EXERCISE OBJECTIVE » Reproduce each record exactly. The pictures should be skipped.

RECORDS FOR THIS EXERCISE »
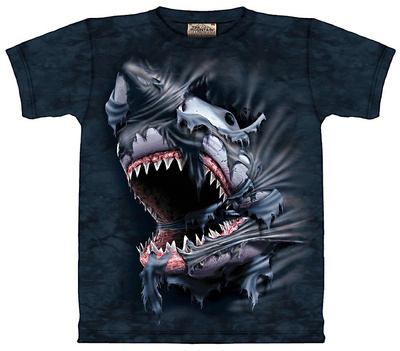 Breakthrough Shark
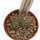 STROMBOCACTUS ESPERANZAE VAR. NOVA SN 2014.0201, POT 6 CM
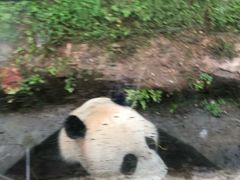 -都江堰中华大熊猫苑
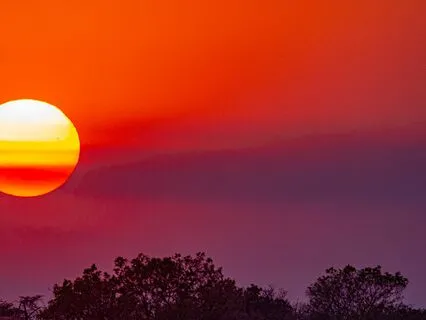 Nighttime Frog Nature Sounds For A Good Night's Sleep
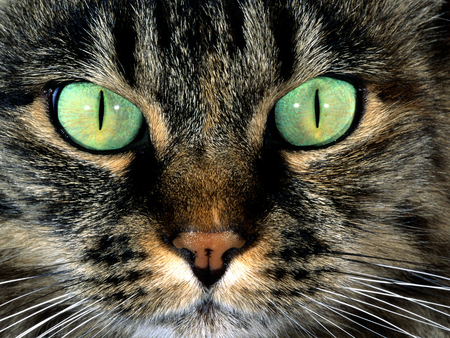 Amazing eyes - cat, animal, eye, cute, kitten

RESPONSE »
 Breakthrough Shark
 STROMBOCACTUS ESPERANZAE VAR. NOVA SN 2014.0201, POT 6 CM
 -都江堰中华大熊猫苑
 Nighttime Frog Nature Sounds For A Good Night's Sleep
 Amazing eyes - cat, animal, eye, cute, kitten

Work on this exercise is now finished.